Backtesting Trading Strategies with Python


How to Backtest, Securitize and Optimize Your Trading Strategies


© Ran Aroussi
@aroussi | aroussi.com | github.com/ranaroussi



May, 2017

Agenda

  • Common backtesting pitfalls (and how to avoid them)
  • Pros & cons of different types of backtesting
  • Measuring backtest performance
  • Optimizing strategy parameters
  • Robustness testing with monte carlo
  • From back-testing to forward-testing

Common Backtesting Pitfalls

(and how to avoid them)

Common Backtesting Pitfalls

  • Data snooping (look-ahead bias)
  • Backtesting on in-sample data
  • Overfitting
  • Overtrading
  • Using survivor-biased data
  • Not considering market impact / slippage
  • Buy more shares than actually available
  • Pure Luck :-)

Pitfall:
Data snooping (look-ahead bias)

Solution:
Use an event based backtester to makes future data unavailable

[********************** DATA SET **********************]
1. [ AVAILABLE DATA **************]| ^ 2. [ AVAILABLE DATA ************************]| ^ 3. [ AVAILABLE DATA ****************************]| ^ ...

Pitfall:
Backtesting on in-sample data

Solution:
Split data into a train set and a test set

[********************** DATA SET **********************]
[********** IN-SAMPLE **********][*** OUT-OF-SAMPLE ***][*** FWD TEST ***]

Pitfall:
Overfitting

Solution:
Simplify your trading rules

Pitfall:
Overtrading

Solution:
Simplify your trading rules

Pitfall:
Using survivor-biased data

Solution:
Obtain and test on clean, survivor-free data

Pitfall:
Not considering market impact / slippage

Solution:
Be prepare to have the price move against you and subtract a few basis points from every trade (depending on the market)

Pitfall:
Buying more shares than actually available

Solution:
Limit strategy to only trade a certain percentage of the total daily volume

Pitfall:
Pure luck :-)

Solution:
Stress-test your strategy and always forward test before going live

Strategy Development Workflow

Strategy Development Workflow

  • Come up with a trading idea
  • Run a vectoried backtest - for quick validation of ideas
  • Run a event-based backtest - to eliminate data snooping and other pitfalls
  • Optimize and Scrutinize
  • Forward Testing
  • Paper Trading
  • Live Trading

First, let's get some data to work with

In [3]:
from pandas_datareader import data as pdr
import fix_yahoo_finance

spy = pdr.get_data_yahoo("SPY", start="2000-01-01", auto_adjust=True)

spy.columns = map(str.lower, spy.columns)
spy['return'] = spy['close'].pct_change().fillna(0)

spy.head()
Out[3]:
open high low close volume return
Date
2000-01-03 148.250000 148.250000 143.875000 145.4375 8164300 0.000000
2000-01-04 143.531204 144.062500 139.640594 139.7500 8089800 -0.039106
2000-01-05 139.937500 141.531204 137.250000 140.0000 12177900 0.001789
2000-01-06 139.625000 141.500000 137.750000 137.7500 6227200 -0.016071
2000-01-07 140.312500 145.750000 140.062500 145.7500 8066500 0.058076

Quick Recap:
Vectorized vs.
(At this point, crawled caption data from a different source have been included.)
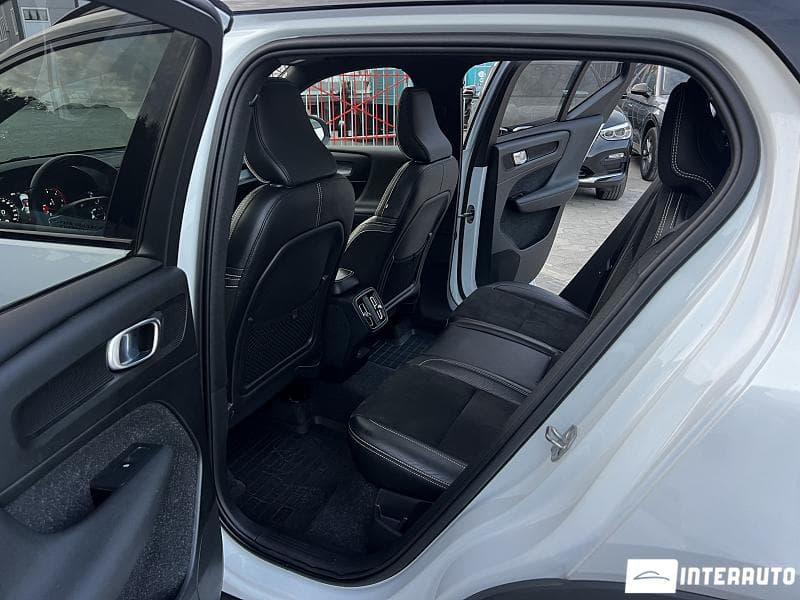 Volvo XC 40 2018 — Миниатюра 6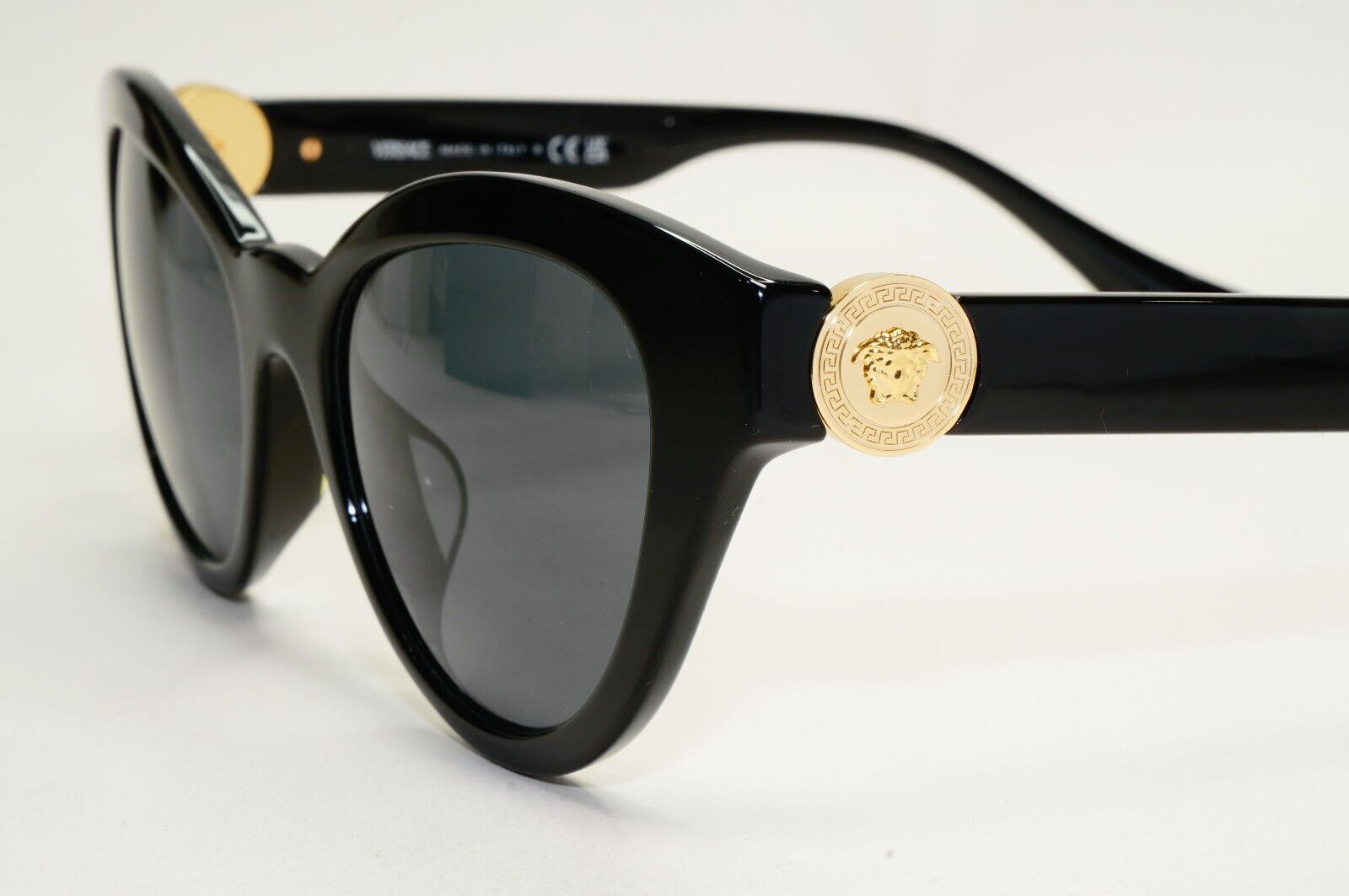 Versace Sunglasses Black Gold Medusa Glossy Cat Eye MOD 4435-F GB1/87 52mm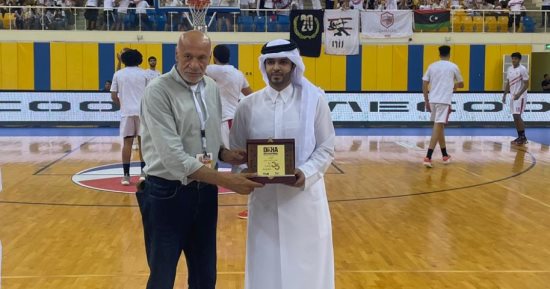 رئيس الاتحاد القطري يكرم أحمد مرعي مدرب سلة الزمالك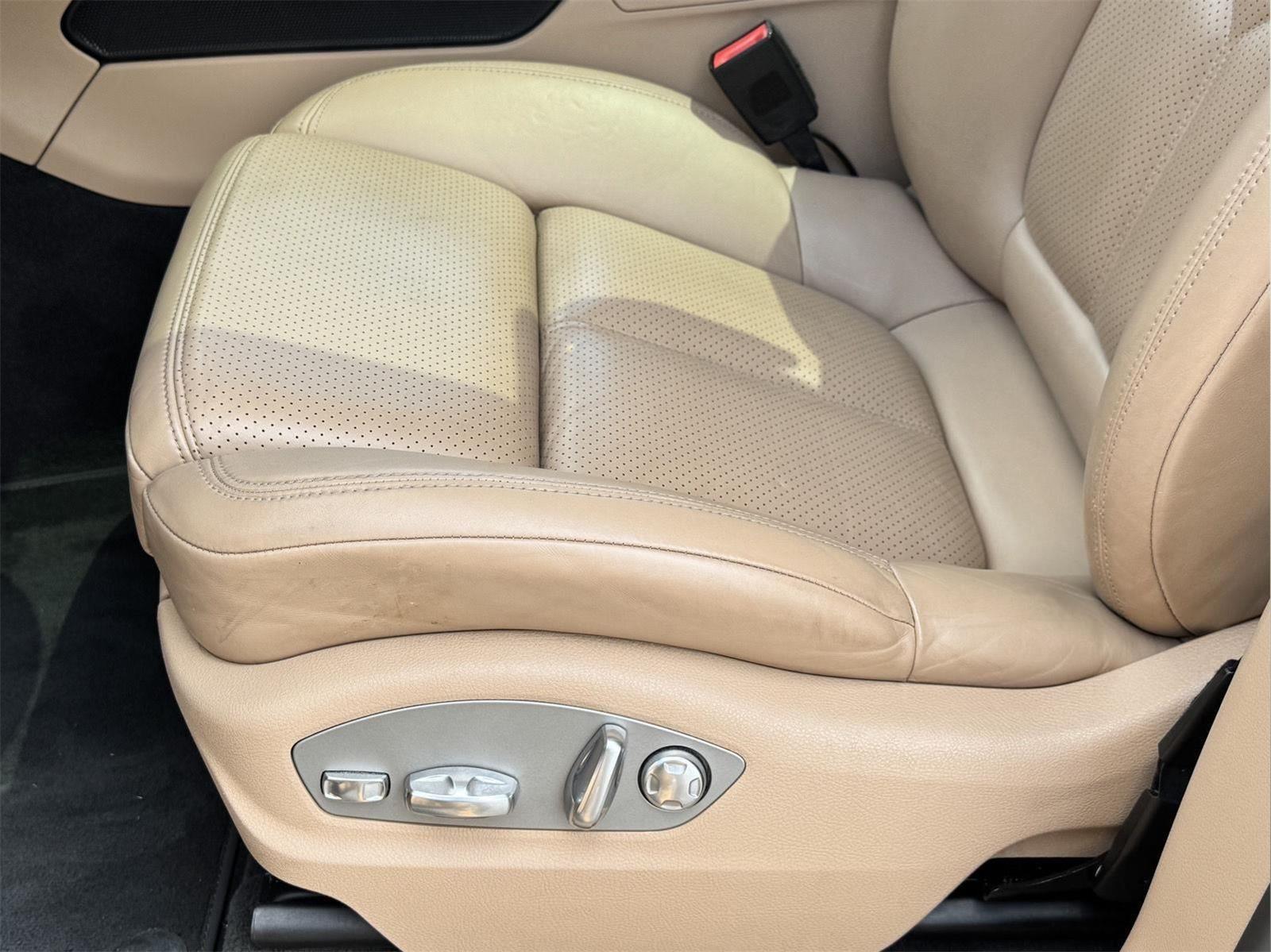 2021 Porsche Macan Base photo 15
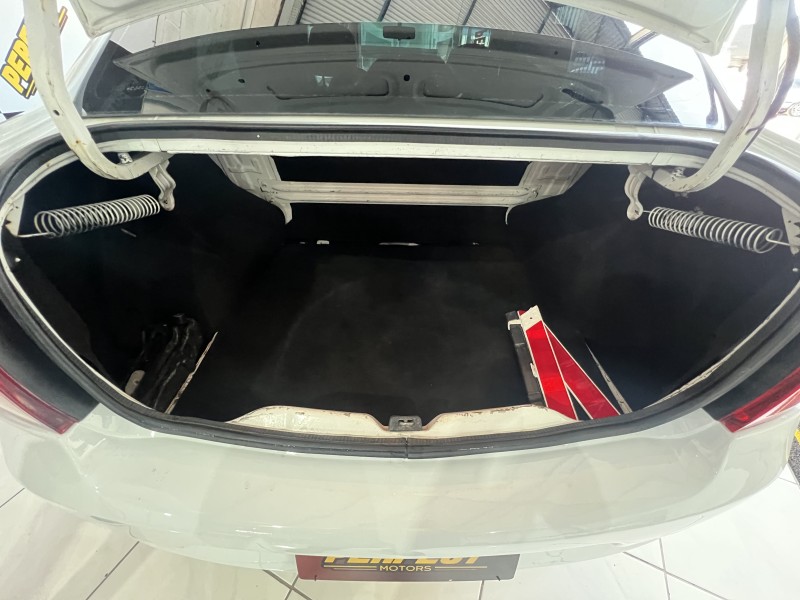 LOGAN 1.0 EXPRESSION 16V FLEX 4P MANUAL - 2012 - PORTãO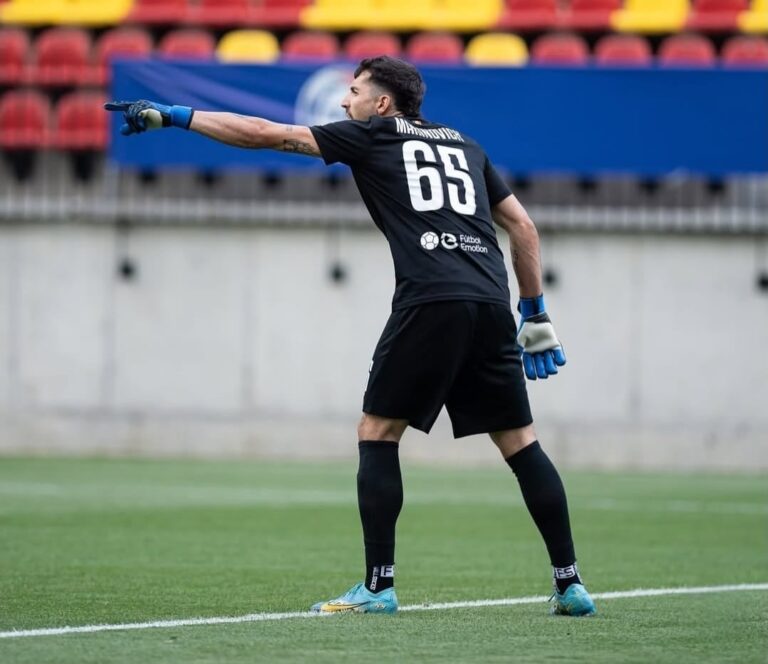 Jure Marinovich, el exarquero de Independiente que hoy ataja en Andorra: Acá los chicos quieren esquiar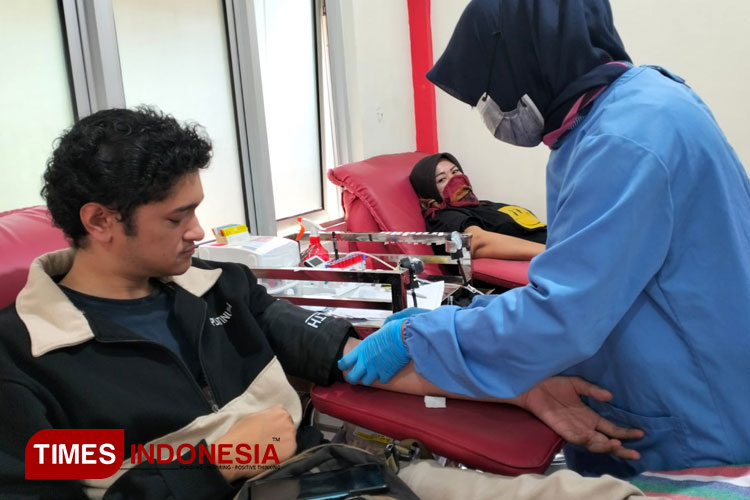 Emma (berkerudung hitam) petugas UTD PMI Kota Tasikmalaya saat akan mengambil darah dari pendonor di Gedung UTD PMI Kota Tasikmalaya, Senin (10/2) 2025) (FOTO: Harniwan Obech/TIMES Indonesia)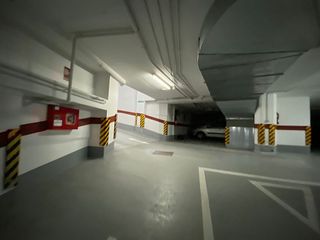 Garaje en alquiler en Ensanche - Sar en Santiago de Compostela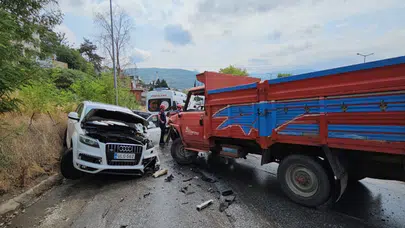 Sapanca’da kamyonet ile SUV çarpıştı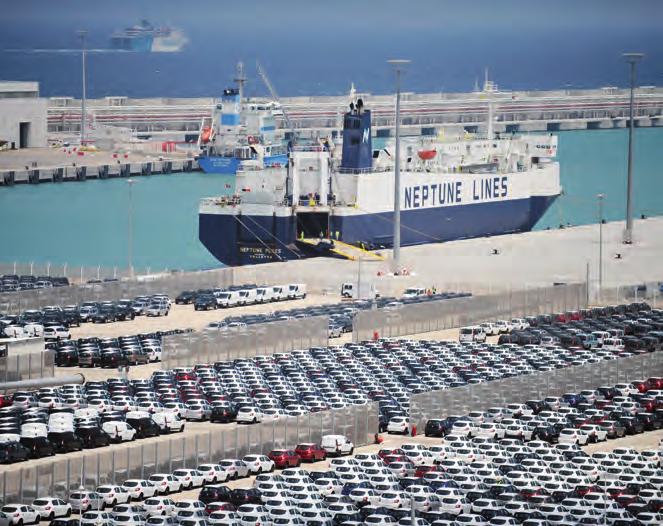 La plate-forme de Tanger-Med, au Maroc, réunit plusieurs de ces lieux aux régimes fiscaux et douaniers particuliers. FADEL SENNA/AFP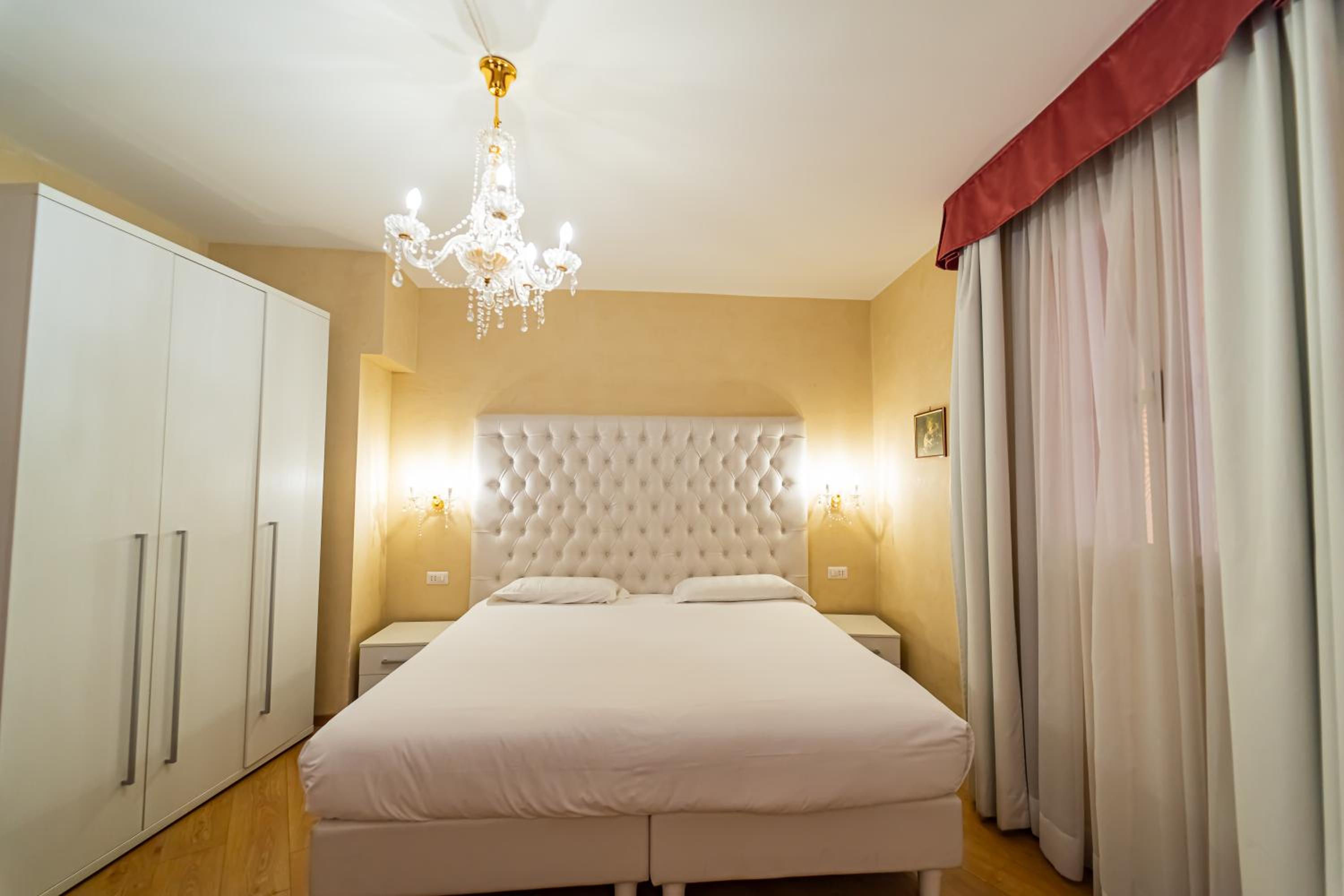 Trevi roma suites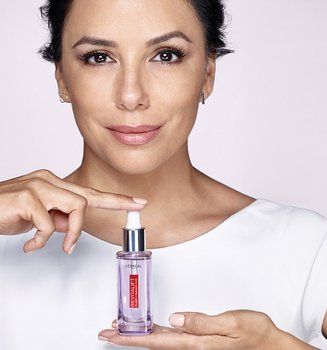 Eva Longoria hält ein L'Oréal Produkt in den Händen.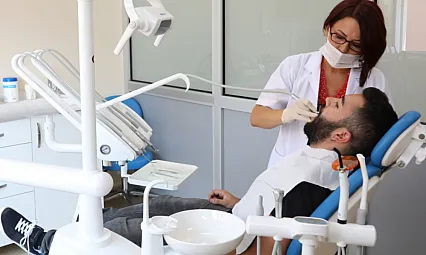 Çürük Diş Deyip Geçmeyin! Alzheimer Ve Demansı Tetikleyen Gizli Tehlike Açığa Çıktı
Event Based Backtesting

Vectorized Backtesting

Pros:

  • Very fast - great for quickly testing ideas
  • Requires much less coding compared to alternatives

Cons:

  • Danger of data snooping
  • Usually cannot be used "as-is" for live trading

Event-Based Backtesting

Pros:

  • More reliable backtesting (no look-ahead bias)
  • Code can be used "as-is" for live trading

Cons:

  • Takes longer to write and run your backtest

Basic Strategy Example

  • BUY ON CLOSE when SPY drops 0.5% (or more)
  • SELL ON CLOSE of next day

Vectorized Backtesting

In [4]:
timer.start()

port = pd.DataFrame(spy['return'])
port['strategy'] = port[port['return'].shift(1) <= -0.005]['return']

timer.stop()
[*] Total runtime: 2.47 ms

Event Based Backtesting

In [5]:
timer.start()

port = pd.DataFrame(spy['return'])

for ix, _ in port.iterrows():
    loc = port.index.get_loc(ix)
    if loc > 0:
        yday = port.iloc[loc - 1]
        if yday['return'] <= -0.005:
            port.loc[ix, "strategy"] = port.loc[ix, 'return']

timer.stop()
[*] Total runtime: 860.38 ms

Using atw

In [6]:
timer.start()

port = pd.DataFrame(spy['return'])

for ix, loc in atw.iterate(port, progress=True):
    yday = port.iloc[loc - 1]
    if yday['return'] <= -0.005:
        port.loc[ix, 'strategy'] = port.loc[ix, 'return']

timer.stop()
[*********************100%***********************]  4376 of 4376 complete

[*] Total runtime: 4.63 s

Measuring Performance

Basic Performance Metrics

  • Sharpe Ratio - risk adjusted return of investment
  • Max Drawdown - max hole (and it's duration)
  • Recovery Factor - how quickly the strategy recovers from drawdowns (net profit/max dd)
  • CAGR (Compound Annual Growth Rate) - annualized % growth return
  • Profit Factor - profit from winning trades / losses from losing trades
  • Win Rate - % of trades with a net profit > 0
  • Yearly/Monthly/Quarterly/Daily/Hourly Breakdown - seasonality discovery
  • Avg. Return per Trade
  • Avg. Return from Winners/Losers per Trade
  • Total Returns

Eyeballing Performance

In [7]:
port.fillna(0, inplace=True)
port.cumsum().plot()
Out[7]:
<matplotlib.axes._subplots.AxesSubplot at 0x10e928c88>

Onto the math...

Sharpe Ratio


Sharpe(X) = (rX - Rf) / StdDev(X)

Where:

  • X is the investment
  • rX is the average rate of the return of X
  • Rf is the best available risk-free security (i.e. T-bills)
  • StdDev(X) is the standard deviation of rX
In [8]:
returns = port['strategy'][port['strategy'] != 0]
sharpe = np.sqrt(252) * (np.mean(returns)) / np.std(returns)

sharpe
Out[8]:
1.2459348946091056

Max Drawdown

In [9]:
dd = pd.DataFrame(data={"percent": port['strategy'].cumsum()})
dd['duration'] = np.where(dd['percent'] < 0, 1, 0)
dd['duration'] = dd['duration'].groupby(
                        (dd['duration'] == 0).cumsum() ).cumcount()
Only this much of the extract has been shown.